THE CROWS
Gee
In 1951, Daniel "Sonny" Norton and his friends started a street corner vocal group in New York's Harlem district. Calling themselves The Crows, they helped build the tradition of the many "bird groups" of the 1950s (The Ravens, a neighborhood quartet led by booming bass singer Jimmy Ricks, had been stars for several years, serving as inspiration for the youthful Harlem act). Lead singer Sonny partnered with baritone Bill Davis, tenors Harold Major and Jerry Wittick and bass Gerald Hamilton. Their odds of becoming successful were slim; the top-flight R&B groups on the larger independent labels (The Dominoes on Federal, The Clovers on Atlantic and The Five Keys on Aladdin, among others) were leagues ahead of the Crows in experience, vocal expertise and stage presence and had enjoyed some very big hits as a result. But Sonny's quintet was to be one of the earliest of the straight-off-the-street small label wonders who made the grade during the '50s, if only long enough to make a handful of recordings and land that one career-defining hit, in this case one important to the development of rock and roll.
In 1952, an amateur night performance by the Crows at the Apollo Theater, Harlem's premiere venue for live entertainment, sparked the interest of Cliff Martinez, who had connections at some of the smaller record companies. He became their manager and a recording session followed; they backed singer-trumpeter Frank "Fat Man" Humphries on the Vernon Duke-Ira Gershwin standard "I Can't Get Started With You." The record was issued on Jubilee and credited the group as The 4 Notes, ignoring the fact there were five members.

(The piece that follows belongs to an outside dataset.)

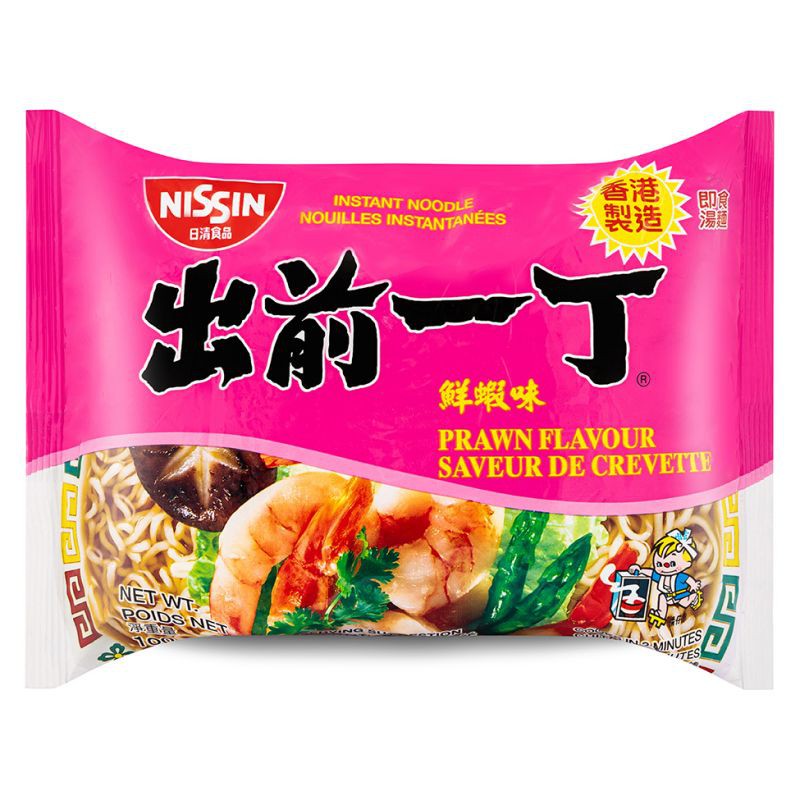 Nissin Demae Ramen: Prawn (100gm X 30) (Pack:30)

At another session for Jubilee they backed Viola Watkins on "Paint a Sky For Me" but received no credit for this particular effort. Both recordings were very good, though perhaps a decade behind the musical trends of 1952.
In 1953, Wittick joined the Army and was replaced by tenor (and guitar player) Mark Jackson; the group's only known photos were done professionally during this time of transition and neither Jerry nor Mark were present, leaving the incorrect-but-lasting impression that the Crows were a quartet. Martinez arranged for an audition with George Goldner, owner of Tico Records, a Latin music label he had founded several years earlier. They made their first recordings that spring with the Ray Barrow orchestra; Viola Watkins actually sang lead on what became the first Crows single, this time crediting them and not her. The disc failed to catch on when released on Goldner's new Rama label, created specifically for non-Latin artists. The second single fared much better, though it took a long time to make its mark.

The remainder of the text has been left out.